A review of Dan Bader's Python tricks book:
Discover Python’s Best Practices with Simple Examples and Start Writing Beautiful & Pythonic Code
Take your Python to the next level
I found out about this book through Dan's Python Tricks I get via email / Twitter. The book defines:
Python Trick: A short Python code snippet meant as a teaching tool. A Python Trick either teaches an aspect of Python with a simple illustration, or serves as a motivating example to dig deeper and develop an intuitive understanding.
I really enjoyed reading Dan's book. He explains important Python aspects with clear examples (using two twin cats to explain "is" vs "==" for example). It is not just code samples, it discusses relevant implementation details comprehensibly.
Since this talk by Raymond Hettinger I am more conscious about writing Pythonic code. This book cares too. Most tricks show the "one-- and preferably only one --obvious way to do it" (import this), for example how to merge dicts, or for dict access use try/except (EAFP style) but prefer dict.get() as being even more precise.
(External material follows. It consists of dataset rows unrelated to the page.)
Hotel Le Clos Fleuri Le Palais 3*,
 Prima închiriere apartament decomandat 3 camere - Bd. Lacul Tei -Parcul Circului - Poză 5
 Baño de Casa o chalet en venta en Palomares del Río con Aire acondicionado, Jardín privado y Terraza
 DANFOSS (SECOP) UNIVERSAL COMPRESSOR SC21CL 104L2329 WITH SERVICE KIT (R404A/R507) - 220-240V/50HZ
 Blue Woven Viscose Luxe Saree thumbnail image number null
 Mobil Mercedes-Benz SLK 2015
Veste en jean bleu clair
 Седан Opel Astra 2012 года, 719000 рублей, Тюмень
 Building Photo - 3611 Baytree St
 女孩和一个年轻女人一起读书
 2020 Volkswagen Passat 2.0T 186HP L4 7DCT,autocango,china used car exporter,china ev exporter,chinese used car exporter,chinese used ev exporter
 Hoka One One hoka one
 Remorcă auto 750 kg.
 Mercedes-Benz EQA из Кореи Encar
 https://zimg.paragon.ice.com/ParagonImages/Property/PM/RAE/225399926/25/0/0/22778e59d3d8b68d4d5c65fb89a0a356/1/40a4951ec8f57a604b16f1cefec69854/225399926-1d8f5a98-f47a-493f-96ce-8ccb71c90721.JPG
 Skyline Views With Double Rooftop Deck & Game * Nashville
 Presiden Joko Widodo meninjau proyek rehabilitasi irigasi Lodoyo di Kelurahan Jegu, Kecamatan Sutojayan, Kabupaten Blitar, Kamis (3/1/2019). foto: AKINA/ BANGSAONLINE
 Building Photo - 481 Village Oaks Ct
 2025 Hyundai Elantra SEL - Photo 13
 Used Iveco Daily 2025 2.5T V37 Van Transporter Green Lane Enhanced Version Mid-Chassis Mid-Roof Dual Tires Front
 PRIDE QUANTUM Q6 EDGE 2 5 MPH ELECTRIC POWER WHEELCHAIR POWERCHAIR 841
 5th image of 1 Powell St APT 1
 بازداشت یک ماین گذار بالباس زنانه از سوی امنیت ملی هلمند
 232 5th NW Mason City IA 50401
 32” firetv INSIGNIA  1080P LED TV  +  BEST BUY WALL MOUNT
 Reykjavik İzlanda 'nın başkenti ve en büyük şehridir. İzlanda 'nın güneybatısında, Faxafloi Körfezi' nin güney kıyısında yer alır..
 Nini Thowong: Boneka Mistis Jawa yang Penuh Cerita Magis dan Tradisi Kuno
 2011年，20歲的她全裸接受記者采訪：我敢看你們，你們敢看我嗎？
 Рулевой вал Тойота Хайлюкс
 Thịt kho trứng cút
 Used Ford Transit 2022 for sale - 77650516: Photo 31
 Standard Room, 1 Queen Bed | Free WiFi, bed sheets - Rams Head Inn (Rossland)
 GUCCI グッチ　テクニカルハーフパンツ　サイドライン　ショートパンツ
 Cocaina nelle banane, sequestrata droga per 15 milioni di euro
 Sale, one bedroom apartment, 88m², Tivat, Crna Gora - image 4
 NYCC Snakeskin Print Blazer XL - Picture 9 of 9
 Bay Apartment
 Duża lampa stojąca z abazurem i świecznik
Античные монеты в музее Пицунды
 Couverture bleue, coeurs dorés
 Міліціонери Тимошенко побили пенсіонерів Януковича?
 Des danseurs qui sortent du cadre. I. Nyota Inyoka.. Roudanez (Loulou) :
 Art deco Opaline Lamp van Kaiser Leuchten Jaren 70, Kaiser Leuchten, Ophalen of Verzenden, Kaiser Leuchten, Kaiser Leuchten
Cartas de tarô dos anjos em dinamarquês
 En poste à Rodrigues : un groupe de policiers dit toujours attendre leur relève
The beginner gets into Pythonic mode, the expert might still pick up new stuff. Another good book in this context is Effective Python: 59 Specific Ways to Write Better Python.
Few things I learned (refreshed)
Language features section: the "is" vs "==" I mentioned, dictionary internals, deep vs shallow copy. The article on 4 ways of string formatting is awesome. I like Dan’s Python String Formatting Rule of Thumb:
If your format strings are user-supplied, use Template Strings to avoid security issues. Otherwise, use Literal String Interpolation if you’re on Python 3.6+, and "New Style" String Formatting if you’re not.
Cleaner Python section (my favorite part of the book): use your own exceptions (which we used here), ABC's (we used here), the key func of sorted() (we used here), which is shown with both lambda and operator.getitem syntax, refactoring an ugly switch statement.
Pythonic syntactic sugar section: * and ** (splat) function arg unpacking (very Pythonic), various (stdlib) ways to merge dicts.
Now is better than never (import this)
And more so because you can still get it for a lower early-access price, eventually the final version of the book will cost more.
Keep in mind this is a work in progress. I did find the initial version of 60 pages a bit short, but recently I got an update of 25+ pages so the final version will be longer.
What really matters though is that this book makes you write better Python code! The book is actually responsible for recent new good py habits I picked up, for example: using custom exceptions and ABC's (I found Dan's blog searching for abstract classes). These new learnings alone are worth the price.
Thanks Dan for sharing your great work.